「冒険の書百六十四:おかしな奴ら②」
皆の前で、ルシアンがワシに愛の告白をしてきた。
歯の浮くようなセリフと共に、恥ずかしげもなく。
すると当然、皆が騒ぎ出した。
「わお!」だの「ひゃー⁉ 聞いた⁉ 告白だ告白!」などと騒ぎ立て、帰りかけていた者たちまでが戻ってくる始末。
「ハア~……」
上を下への大騒ぎの中、ワシはひとりどっちらけでため息をつく。
「いきなり何を言っているのだおまえは」
今までにも男から告白されたことはあったが、会った瞬間その場でというのは最速記録だ。
しかもこの男、名前からしても貴族のくせに。
種族違いそしてサイズ違いも甚だしいエルフの小娘に告白するとかあり得んだろ。
「一度冷静になって考えてみたほうがいいぞ? 自分の立場とワシの見た目と、今後の周りの反応を計算したほうがいい」
あまりにもあり得ないことすぎて、逆に心配してしまうワシだが……。
「ああ、初対面の僕の身を気遣う心根の優しさもイイ。外見にそぐわない古式めいた口調もイイ」
「おい人の話を……」
「申し訳ないが、衝動が抑えきれないんだ。美しい人よ、この白魚のような手に口づけをさせてくれないか?」
「人の話を聞かんか」
手の甲に無理やり口づけをしようとしたルシアンの横っ面を、思い切り引っ叩いた。
「ぐわあ~……っ⁉」
拒否されるとは思っていても、殴られるとまでは思っていなかったのだろう、ルシアンは堪らずぶっ飛んだ。

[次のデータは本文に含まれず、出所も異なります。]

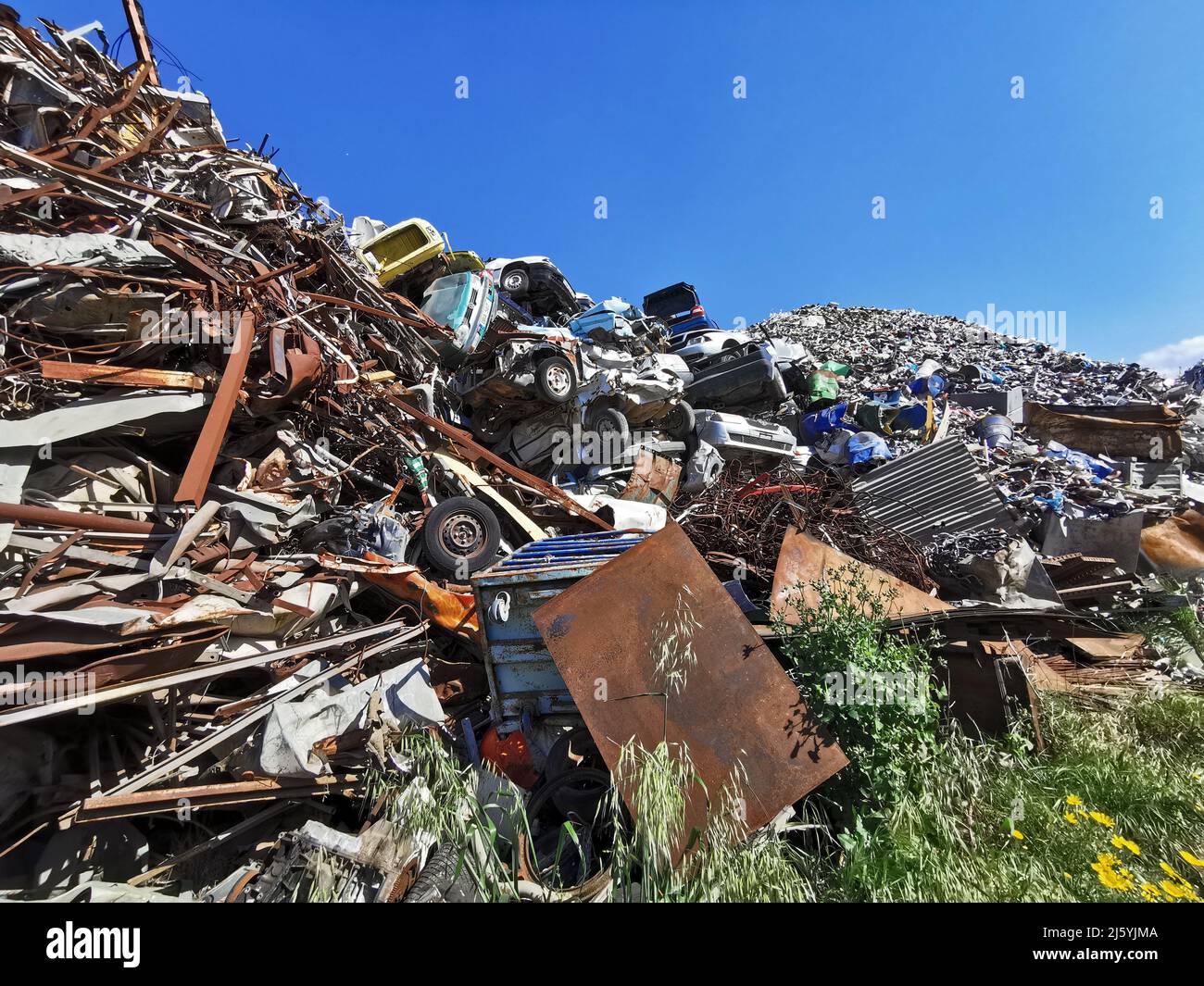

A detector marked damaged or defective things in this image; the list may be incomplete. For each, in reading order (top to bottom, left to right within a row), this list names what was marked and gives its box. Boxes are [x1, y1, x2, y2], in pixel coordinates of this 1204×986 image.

rusty metal sheet [619, 448, 674, 504]
rusty metal sheet [533, 522, 845, 841]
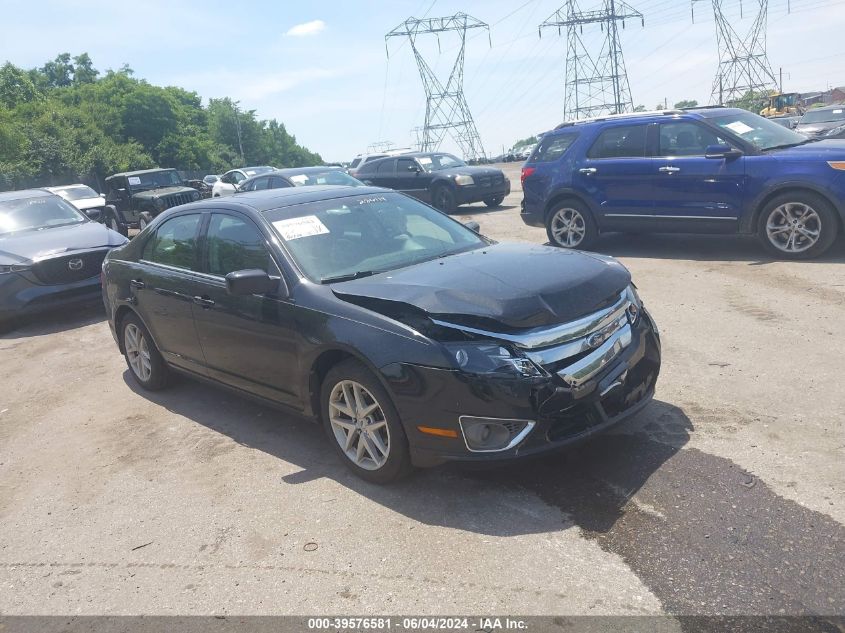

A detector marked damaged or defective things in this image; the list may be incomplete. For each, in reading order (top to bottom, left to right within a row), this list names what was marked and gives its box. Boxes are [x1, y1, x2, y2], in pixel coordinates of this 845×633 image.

crumpled hood [0, 221, 126, 266]
crumpled hood [332, 242, 628, 328]
damaged front end [330, 286, 660, 464]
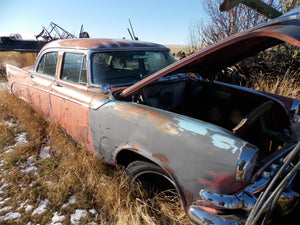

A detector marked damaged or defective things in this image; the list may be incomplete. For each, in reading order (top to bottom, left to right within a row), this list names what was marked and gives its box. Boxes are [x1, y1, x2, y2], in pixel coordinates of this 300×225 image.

rust patch [152, 153, 173, 174]
rust patch [198, 172, 245, 193]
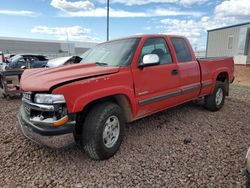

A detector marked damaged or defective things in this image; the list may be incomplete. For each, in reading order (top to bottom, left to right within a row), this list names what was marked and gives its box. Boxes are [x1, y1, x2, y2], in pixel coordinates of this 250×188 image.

damaged front end [17, 92, 75, 148]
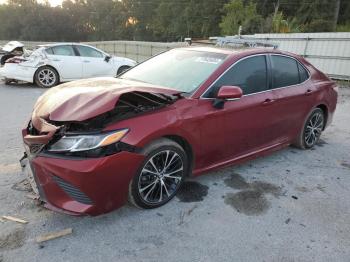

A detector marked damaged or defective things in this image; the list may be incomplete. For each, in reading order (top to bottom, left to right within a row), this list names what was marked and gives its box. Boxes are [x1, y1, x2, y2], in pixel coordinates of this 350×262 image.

crumpled hood [31, 77, 180, 125]
broken headlight [47, 128, 128, 152]
damaged red sedan [20, 47, 338, 215]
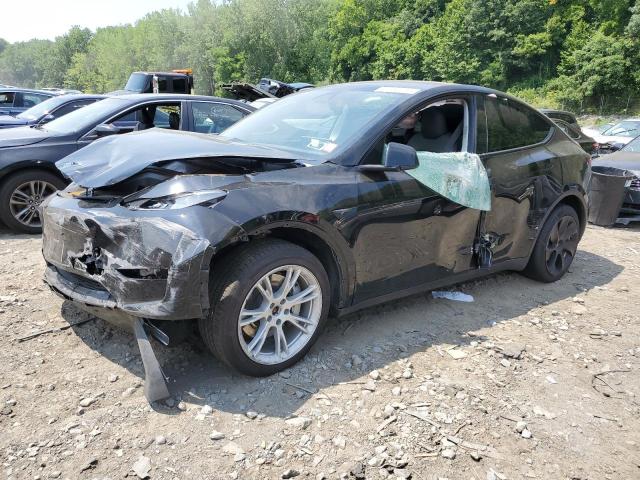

「な……いったいどうしてっ⁉ 僕の美しい顔を殴るだなんて君、美に対する反逆だよ⁉」
「気持ち悪い気持ち悪い、本っ当~に気持ち悪い」
ぞわ、ぞわわわわっ。
あまりの気持ち悪さで、全身に鳥肌が立っている。
「ベルトラかと思ったわ」
「突然の被弾⁉」
ワシの言葉でダメージを負ったのだろう、ベルトラが「ぐふうっ」と呻きながら後ろにのけぞっているのはさて置き。
「ワシは武人だ。愛だの恋だのにはそもそも興味がないのだ。しかもそれが男とか、会ったその場で告白してくるだとか、本気で恐怖でしかないのだ」
気持ち悪さの限界を突破したワシが言うのに、ルルカが「……男だからダメってこと?」と思案気につぶやき、リゼリーナもまた「……裏を返すと、気心の知れた女性ならいいということですか?」と謎の結論にたどり着いている。
どちらの言っていることも意味がわからんが、ともかくワシはルシアンから距離をとった。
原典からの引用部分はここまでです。